Facile synthesis of multi-phase (Si+SiO2)@C anode materials for lithium-ion batteries

Abstract

To bring about a revolution in energy storage through Li-ion batteries, it is crucial to develop a scalable preparation method for Si-based composite anodes. However, the severe volume expansion and poor ionic transport properties of Si-based composites present significant challenges. Previous research focused on SiO and nano Si/C composites to address these issues. In this study, mechanical milling was used to introduce a SiO_x layer onto the surface of Si by mixing Si and SiO₂ in a 1 : 1 mass ratio. The resulting Si+SiO₂ composites (denoted as SS50) exhibited an initial coulombic efficiency (ICE) of 73.5% and high rate performance. To further stabilize the overall structure, kerosene was introduced as a carbon source precursor to generate a coating layer.
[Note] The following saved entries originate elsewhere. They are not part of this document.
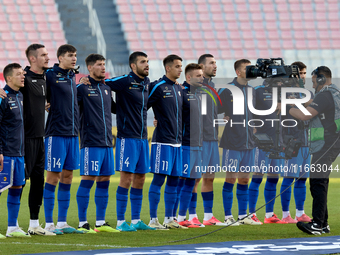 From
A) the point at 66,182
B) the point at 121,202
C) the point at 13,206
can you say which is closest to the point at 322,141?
the point at 121,202

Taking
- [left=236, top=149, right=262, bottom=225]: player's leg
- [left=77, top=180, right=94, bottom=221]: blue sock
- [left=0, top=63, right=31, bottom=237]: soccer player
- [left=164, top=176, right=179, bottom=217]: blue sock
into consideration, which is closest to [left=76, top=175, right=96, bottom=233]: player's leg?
[left=77, top=180, right=94, bottom=221]: blue sock

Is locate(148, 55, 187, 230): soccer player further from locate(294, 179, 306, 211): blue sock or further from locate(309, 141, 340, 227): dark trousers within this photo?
locate(294, 179, 306, 211): blue sock

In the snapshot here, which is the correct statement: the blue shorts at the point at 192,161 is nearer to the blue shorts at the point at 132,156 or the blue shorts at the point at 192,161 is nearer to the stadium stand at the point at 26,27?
the blue shorts at the point at 132,156

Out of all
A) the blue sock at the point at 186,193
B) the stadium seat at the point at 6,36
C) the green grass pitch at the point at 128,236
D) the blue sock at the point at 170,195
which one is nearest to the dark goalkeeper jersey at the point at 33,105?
the green grass pitch at the point at 128,236

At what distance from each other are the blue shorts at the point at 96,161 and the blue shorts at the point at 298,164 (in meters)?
2.65

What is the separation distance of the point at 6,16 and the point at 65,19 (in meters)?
2.50

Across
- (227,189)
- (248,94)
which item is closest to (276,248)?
(227,189)

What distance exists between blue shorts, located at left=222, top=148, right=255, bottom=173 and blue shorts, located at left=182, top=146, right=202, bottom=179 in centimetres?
46

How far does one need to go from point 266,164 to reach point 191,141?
1273 millimetres

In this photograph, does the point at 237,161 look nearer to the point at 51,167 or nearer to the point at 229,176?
the point at 229,176

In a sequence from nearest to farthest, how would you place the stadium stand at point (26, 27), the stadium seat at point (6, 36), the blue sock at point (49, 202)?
the blue sock at point (49, 202) < the stadium stand at point (26, 27) < the stadium seat at point (6, 36)

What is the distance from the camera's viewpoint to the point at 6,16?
965 inches

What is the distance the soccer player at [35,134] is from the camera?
6125mm

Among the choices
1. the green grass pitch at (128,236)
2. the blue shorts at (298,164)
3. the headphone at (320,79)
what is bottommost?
the green grass pitch at (128,236)
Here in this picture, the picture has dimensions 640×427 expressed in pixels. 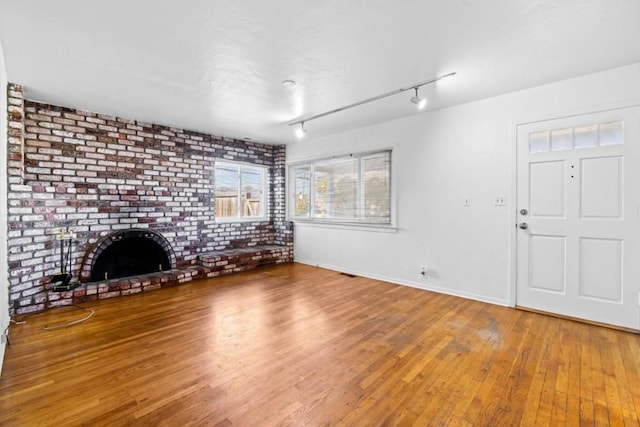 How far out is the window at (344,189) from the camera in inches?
176

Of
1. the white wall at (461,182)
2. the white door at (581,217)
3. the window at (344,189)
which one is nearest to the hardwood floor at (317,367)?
the white door at (581,217)

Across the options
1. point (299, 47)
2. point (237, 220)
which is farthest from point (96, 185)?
point (299, 47)

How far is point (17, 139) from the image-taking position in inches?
119

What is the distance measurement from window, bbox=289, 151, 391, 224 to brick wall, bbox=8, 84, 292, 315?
1244 millimetres

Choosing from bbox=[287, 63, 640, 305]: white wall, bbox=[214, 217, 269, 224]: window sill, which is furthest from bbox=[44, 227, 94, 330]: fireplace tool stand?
bbox=[287, 63, 640, 305]: white wall

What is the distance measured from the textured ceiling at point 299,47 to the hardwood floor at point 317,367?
241cm

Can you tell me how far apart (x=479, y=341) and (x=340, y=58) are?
8.86 ft

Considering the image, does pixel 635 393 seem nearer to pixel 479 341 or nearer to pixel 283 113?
pixel 479 341

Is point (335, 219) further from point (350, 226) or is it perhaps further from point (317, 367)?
point (317, 367)

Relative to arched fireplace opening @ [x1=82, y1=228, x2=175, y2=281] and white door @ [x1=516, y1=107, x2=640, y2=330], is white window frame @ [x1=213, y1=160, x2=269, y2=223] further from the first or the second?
white door @ [x1=516, y1=107, x2=640, y2=330]

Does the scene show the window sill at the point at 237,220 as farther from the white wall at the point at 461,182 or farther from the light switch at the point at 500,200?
the light switch at the point at 500,200

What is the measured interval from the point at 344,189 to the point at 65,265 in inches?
158

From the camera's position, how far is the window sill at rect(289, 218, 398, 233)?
4393mm

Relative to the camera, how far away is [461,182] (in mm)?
3652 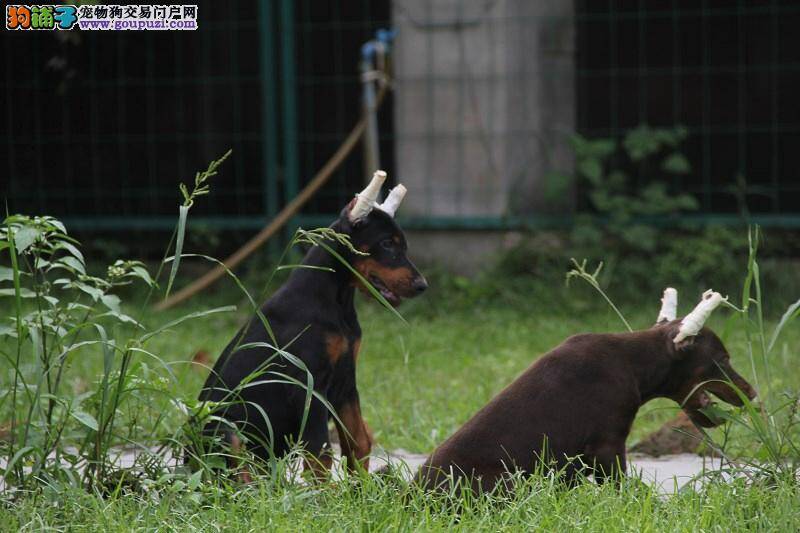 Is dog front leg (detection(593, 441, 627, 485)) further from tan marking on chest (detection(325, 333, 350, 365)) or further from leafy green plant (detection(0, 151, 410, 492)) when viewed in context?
tan marking on chest (detection(325, 333, 350, 365))

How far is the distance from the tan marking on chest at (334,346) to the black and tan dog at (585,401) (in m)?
0.57

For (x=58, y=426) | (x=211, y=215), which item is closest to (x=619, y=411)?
(x=58, y=426)

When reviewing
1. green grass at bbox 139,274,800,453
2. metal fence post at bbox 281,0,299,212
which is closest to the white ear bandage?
green grass at bbox 139,274,800,453

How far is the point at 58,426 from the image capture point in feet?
11.9

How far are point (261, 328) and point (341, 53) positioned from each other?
21.7 feet

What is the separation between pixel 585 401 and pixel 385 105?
647 centimetres

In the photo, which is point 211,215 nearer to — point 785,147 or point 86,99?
point 86,99

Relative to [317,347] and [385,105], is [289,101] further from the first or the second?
[317,347]

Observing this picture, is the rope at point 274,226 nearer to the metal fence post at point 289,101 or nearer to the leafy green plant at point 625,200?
the metal fence post at point 289,101

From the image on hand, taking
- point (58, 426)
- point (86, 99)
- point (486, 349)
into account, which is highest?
point (86, 99)

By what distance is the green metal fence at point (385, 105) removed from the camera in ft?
27.7

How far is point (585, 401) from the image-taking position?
142 inches

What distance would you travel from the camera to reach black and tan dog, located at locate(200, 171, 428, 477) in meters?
3.92

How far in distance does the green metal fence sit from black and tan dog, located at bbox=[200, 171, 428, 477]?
4.26 meters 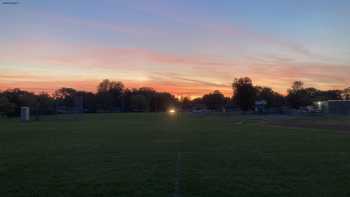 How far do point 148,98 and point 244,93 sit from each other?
45.4 metres

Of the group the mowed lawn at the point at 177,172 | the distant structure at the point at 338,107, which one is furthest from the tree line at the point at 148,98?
the mowed lawn at the point at 177,172

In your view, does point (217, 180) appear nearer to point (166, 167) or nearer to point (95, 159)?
point (166, 167)

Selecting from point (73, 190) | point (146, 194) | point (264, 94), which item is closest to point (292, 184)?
point (146, 194)

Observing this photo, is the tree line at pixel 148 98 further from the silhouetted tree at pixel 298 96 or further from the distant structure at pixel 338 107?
the distant structure at pixel 338 107

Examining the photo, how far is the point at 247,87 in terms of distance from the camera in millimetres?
101750

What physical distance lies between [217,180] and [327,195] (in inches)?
91.5

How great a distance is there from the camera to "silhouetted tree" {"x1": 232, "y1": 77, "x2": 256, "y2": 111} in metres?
101

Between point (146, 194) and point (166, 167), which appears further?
point (166, 167)

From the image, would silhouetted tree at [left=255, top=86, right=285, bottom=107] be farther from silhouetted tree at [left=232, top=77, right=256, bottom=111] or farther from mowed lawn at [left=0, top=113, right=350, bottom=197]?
mowed lawn at [left=0, top=113, right=350, bottom=197]

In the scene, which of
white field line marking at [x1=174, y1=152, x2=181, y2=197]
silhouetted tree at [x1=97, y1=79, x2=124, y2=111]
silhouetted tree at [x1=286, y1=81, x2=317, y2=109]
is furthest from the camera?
silhouetted tree at [x1=97, y1=79, x2=124, y2=111]

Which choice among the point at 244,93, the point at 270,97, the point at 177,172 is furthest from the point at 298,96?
the point at 177,172

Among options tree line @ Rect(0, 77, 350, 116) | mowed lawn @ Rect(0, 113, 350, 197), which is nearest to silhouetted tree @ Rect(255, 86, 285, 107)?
tree line @ Rect(0, 77, 350, 116)

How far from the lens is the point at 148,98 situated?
13550cm

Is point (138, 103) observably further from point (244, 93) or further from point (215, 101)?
point (244, 93)
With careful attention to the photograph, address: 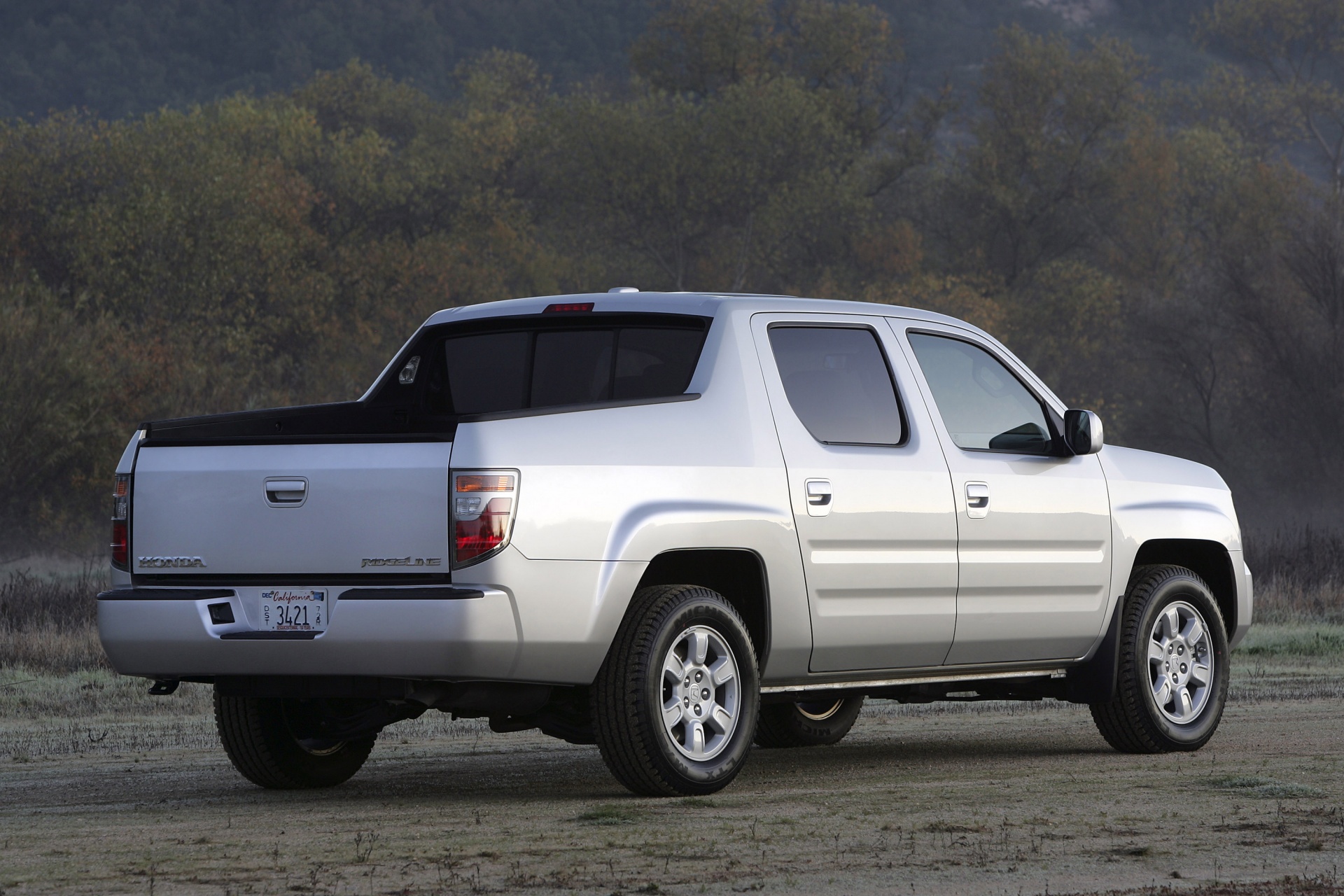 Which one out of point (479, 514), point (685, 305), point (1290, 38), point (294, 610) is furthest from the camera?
point (1290, 38)

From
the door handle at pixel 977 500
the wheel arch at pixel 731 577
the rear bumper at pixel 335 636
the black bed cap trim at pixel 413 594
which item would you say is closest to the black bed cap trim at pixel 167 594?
the rear bumper at pixel 335 636

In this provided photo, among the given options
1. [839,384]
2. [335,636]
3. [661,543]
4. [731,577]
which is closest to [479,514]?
[335,636]

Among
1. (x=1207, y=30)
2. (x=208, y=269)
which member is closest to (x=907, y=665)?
(x=208, y=269)

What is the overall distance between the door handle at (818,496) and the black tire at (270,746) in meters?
2.13

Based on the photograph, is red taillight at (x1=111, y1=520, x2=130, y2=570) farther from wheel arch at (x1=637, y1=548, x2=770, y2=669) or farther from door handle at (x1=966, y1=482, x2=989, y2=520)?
door handle at (x1=966, y1=482, x2=989, y2=520)

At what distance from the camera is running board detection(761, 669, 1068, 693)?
8430 mm

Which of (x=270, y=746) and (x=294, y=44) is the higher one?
(x=294, y=44)

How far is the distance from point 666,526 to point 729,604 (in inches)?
19.2

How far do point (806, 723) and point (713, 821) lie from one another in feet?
10.7

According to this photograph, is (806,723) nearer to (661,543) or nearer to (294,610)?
(661,543)

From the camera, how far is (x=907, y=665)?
8750 mm

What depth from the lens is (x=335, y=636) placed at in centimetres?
723

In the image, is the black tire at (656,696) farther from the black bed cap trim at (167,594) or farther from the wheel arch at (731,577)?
the black bed cap trim at (167,594)

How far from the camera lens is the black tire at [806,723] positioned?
10.4 meters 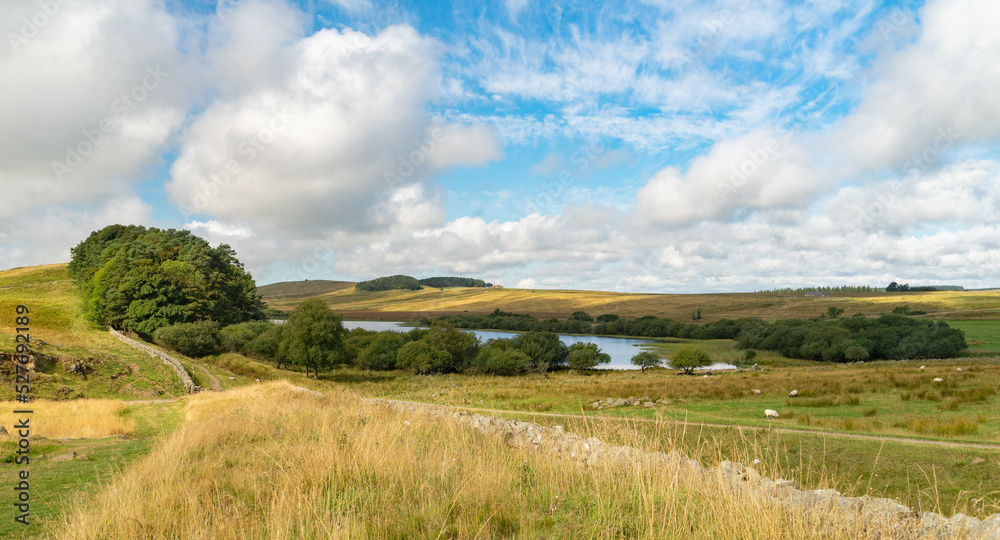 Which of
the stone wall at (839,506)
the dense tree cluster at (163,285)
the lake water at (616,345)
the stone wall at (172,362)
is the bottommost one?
the lake water at (616,345)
The resulting multiphase composite structure (SiO_x+SiO₂+C), designated as SS50-900C, demonstrated a capacity retention of 79.5% over 280 cycles at its capacity of 487 mA h g⁻¹. These results suggest that a cost-effective mechanical ball milling refinement of Si+SiO₂ and a gas-phase encapsulation process can significantly improve the electrochemical performance of Si-based composites.